— Exercise directions —
Every line of the material that includes the word "photos" is to be shown.

-- Opening Marker --

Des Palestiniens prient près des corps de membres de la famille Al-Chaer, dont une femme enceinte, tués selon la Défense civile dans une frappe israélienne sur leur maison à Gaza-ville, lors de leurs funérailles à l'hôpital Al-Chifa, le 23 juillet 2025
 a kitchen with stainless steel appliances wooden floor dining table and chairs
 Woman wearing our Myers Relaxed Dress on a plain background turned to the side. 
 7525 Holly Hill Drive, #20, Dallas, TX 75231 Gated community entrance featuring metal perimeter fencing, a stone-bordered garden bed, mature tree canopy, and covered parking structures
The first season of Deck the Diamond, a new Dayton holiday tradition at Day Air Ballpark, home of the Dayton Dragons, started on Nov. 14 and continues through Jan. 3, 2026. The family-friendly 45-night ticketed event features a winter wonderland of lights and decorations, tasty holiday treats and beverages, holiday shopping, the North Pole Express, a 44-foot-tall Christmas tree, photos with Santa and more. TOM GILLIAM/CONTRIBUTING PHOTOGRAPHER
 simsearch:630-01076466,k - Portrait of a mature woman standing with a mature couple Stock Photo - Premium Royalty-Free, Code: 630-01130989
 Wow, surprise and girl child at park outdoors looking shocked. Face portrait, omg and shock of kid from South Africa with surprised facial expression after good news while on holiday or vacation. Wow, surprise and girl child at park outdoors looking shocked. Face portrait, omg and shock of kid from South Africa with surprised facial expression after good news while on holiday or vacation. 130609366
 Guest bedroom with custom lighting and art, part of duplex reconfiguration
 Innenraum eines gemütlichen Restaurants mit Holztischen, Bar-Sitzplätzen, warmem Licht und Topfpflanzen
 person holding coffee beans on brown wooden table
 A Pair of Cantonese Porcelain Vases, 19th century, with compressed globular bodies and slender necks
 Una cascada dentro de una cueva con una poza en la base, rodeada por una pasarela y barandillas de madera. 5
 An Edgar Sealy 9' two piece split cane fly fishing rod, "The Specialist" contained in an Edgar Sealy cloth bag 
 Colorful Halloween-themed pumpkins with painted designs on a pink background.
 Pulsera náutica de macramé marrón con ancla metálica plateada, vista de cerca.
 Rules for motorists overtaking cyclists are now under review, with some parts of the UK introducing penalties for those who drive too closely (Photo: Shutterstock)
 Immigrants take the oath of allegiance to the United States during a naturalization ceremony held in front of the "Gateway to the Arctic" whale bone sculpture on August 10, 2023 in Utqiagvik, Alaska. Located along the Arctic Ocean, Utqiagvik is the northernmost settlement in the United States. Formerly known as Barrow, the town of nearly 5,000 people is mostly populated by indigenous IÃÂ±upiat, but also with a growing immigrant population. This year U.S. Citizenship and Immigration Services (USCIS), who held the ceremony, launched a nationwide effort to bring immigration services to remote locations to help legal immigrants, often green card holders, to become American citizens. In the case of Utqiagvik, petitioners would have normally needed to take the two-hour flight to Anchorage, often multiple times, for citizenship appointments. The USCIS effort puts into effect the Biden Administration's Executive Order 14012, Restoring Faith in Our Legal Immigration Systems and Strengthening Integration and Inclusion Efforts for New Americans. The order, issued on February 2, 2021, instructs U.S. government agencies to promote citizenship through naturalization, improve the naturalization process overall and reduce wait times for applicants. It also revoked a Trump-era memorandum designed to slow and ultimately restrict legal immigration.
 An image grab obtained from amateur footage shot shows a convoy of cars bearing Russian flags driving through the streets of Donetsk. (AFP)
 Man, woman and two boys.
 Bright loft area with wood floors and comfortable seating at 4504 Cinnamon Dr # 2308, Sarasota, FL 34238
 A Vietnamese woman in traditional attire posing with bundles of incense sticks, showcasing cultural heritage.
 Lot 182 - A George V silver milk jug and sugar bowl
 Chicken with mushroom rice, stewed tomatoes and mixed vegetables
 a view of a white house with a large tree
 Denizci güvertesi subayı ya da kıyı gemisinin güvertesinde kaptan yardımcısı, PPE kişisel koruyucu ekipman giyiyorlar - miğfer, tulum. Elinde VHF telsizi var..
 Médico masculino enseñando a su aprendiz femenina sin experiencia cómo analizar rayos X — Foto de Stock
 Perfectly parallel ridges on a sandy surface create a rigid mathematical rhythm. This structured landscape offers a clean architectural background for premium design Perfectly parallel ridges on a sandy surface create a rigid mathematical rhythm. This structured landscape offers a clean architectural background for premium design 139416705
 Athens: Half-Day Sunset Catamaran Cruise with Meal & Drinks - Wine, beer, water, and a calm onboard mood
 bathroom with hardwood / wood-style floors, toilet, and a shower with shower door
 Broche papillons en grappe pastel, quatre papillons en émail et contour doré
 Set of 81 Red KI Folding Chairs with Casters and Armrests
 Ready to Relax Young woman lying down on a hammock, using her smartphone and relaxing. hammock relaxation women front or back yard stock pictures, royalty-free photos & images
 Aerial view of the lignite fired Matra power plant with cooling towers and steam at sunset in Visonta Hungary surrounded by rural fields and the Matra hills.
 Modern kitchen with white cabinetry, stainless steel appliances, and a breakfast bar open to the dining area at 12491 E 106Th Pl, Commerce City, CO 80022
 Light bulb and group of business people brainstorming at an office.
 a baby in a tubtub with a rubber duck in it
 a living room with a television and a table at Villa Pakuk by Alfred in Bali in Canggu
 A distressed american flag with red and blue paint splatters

-- Closing Marker --

— The answer —
The first season of Deck the Diamond, a new Dayton holiday tradition at Day Air Ballpark, home of the Dayton Dragons, started on Nov. 14 and continues through Jan. 3, 2026. The family-friendly 45-night ticketed event features a winter wonderland of lights and decorations, tasty holiday treats and beverages, holiday shopping, the North Pole Express, a 44-foot-tall Christmas tree, photos with Santa and more. TOM GILLIAM/CONTRIBUTING PHOTOGRAPHER
 Ready to Relax Young woman lying down on a hammock, using her smartphone and relaxing. hammock relaxation women front or back yard stock pictures, royalty-free photos & images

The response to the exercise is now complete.